One of my sisters-in-law is vegan and so with burgers and matchstick fries that my husband loves so much I made this salad as a main for her. It was inspired by my favourite warm kale salad at Earl’s who don’t seem to have it anymore, at least I haven’t seen it, and we haven’t been there in quite some time. As I recall they dress it and use regular potatoes but this one doesn’t seem to need any dressing and I used sweet potatoes as a healthier option. Theirs also has Brussel sprouts which I didn’t add but definitely they would make a good addition (roasted on their own then added).

In the spirit of being kind to yourself… none of these ingredient quantities are carved in stone…. add or take away as you like or have available…. it should be inspiration…. and be flexible much as we have had to be…. and if you happen to make it this particular way I promise deliciousness!

It seems like a little bit of work but really it’s just a couple of ingredients that need to be cooked separately that times a bit of coordination. However, it is worth every minute so if you have a vegan in your life, or even if you don’t, this one is a definite must try.

Warm Kale and Quinoa Salad – Vegan

  • 1 cup quinoa
  • 2 cups water
  • 2 garlic cloves crushed
  • 2-4 tablespoons (splashes) of olive oil – use for quinoa and sweet potatoes and kale
  • 1 large bunch of fresh kale
  • 2 cups sweet potatoes diced
  • 1 small jar of slow roasted tomatoes recipe found here or you can use sun-dried tomatoes (about 250 ml)
  • 1/2 cup dried cranberries (I just put an handful)
  • 1/2 cup slivered almonds (again, just a handful)
  • 1/3 cup hot pickled eggplant (optional)

First get the quinoa going with the water and once it’s bubbling set to simmer for 15 minutes – then let sit uninterrupted for 5 before you fluff with a fork.

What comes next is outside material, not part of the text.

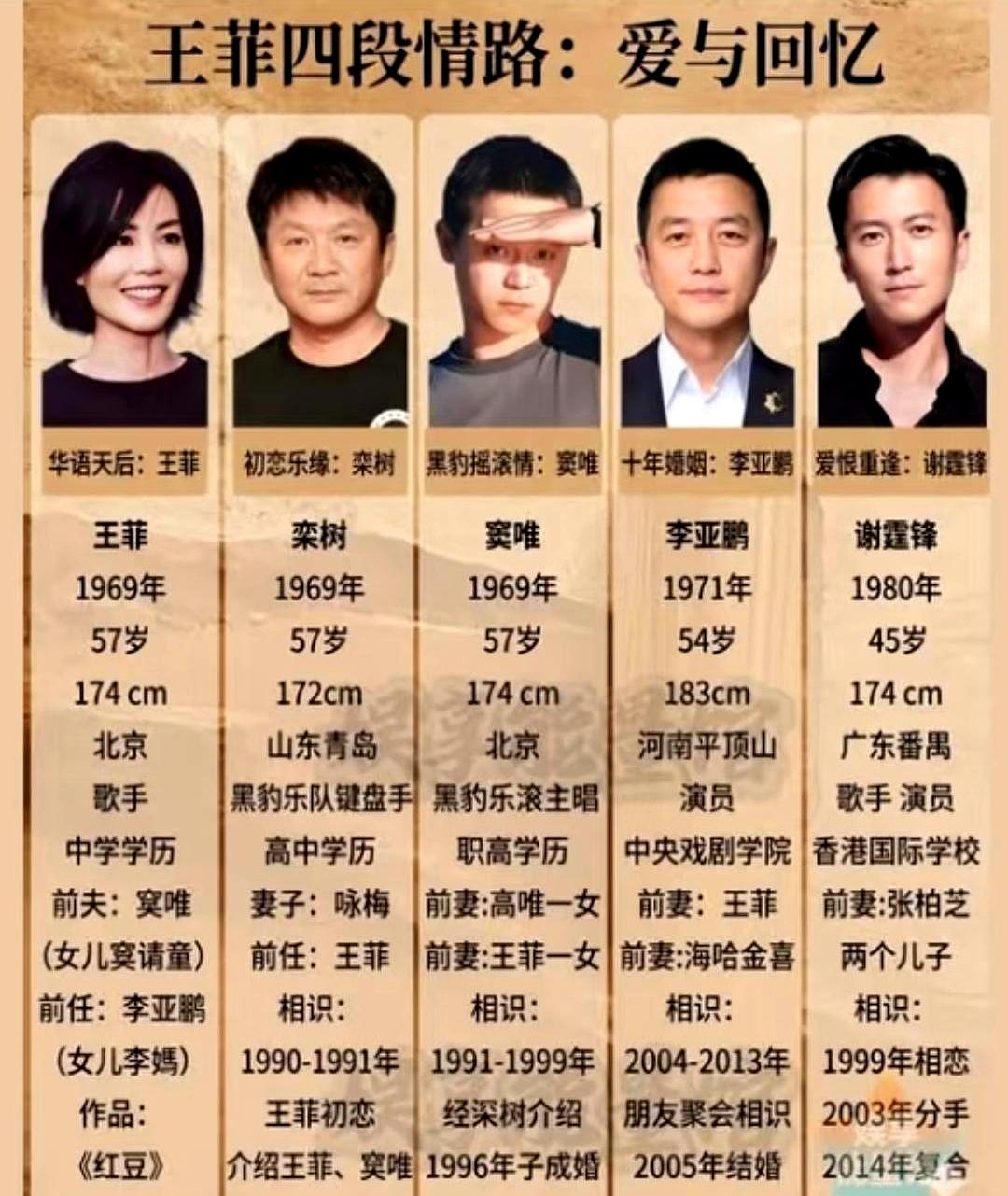窦唯后来会不会偶尔想起王菲？
很多人都觉得，他最该后悔的，可能就是当年跟她分开了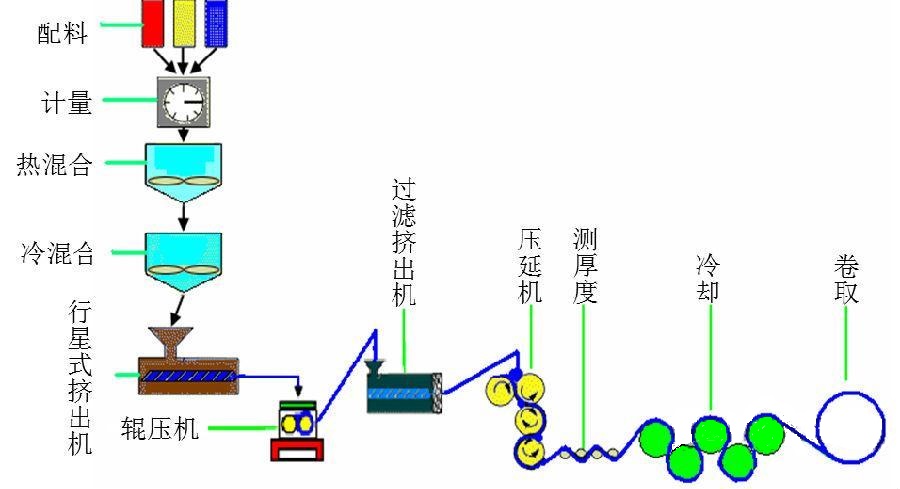 车载逆变器与硅胶片挤出机的生产工艺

While the quinoa is cooking put the diced sweet potatoes on a pan and toss with the olive oil, place in oven on broil turning and tossing occasionally until browned and crispy on the outside and soft on the inside. This should take about 10 – 15 minutes.

Put a splash of olive oil in a fry pan with the crushed garlic and fry on low to medium heat until fragrant. Rinse and rough chop the kale and add to the garlic and pan fry until the kale softens a bit, about 5 minutes.

Once the quinoa is cooked place in large bowl with the kale and sweet potatoes. Chop up the tomatoes and add to the mix, also add the cranberries and almonds and eggplant if using. I have the pickled eggplant around because I add it to other things, I find it’s a nice ingredient to have around for adding to salads like this but if you don’t have it don’t worry, the salad would be fine without it.

Cover and keep at room temperature until ready to serve. I find this salad doesn’t need any kind of dressing and is fine on it’s own. I would have probably added crumbled feta cheese if I weren’t serving it as a vegan dish so that’s something you can also add if you like.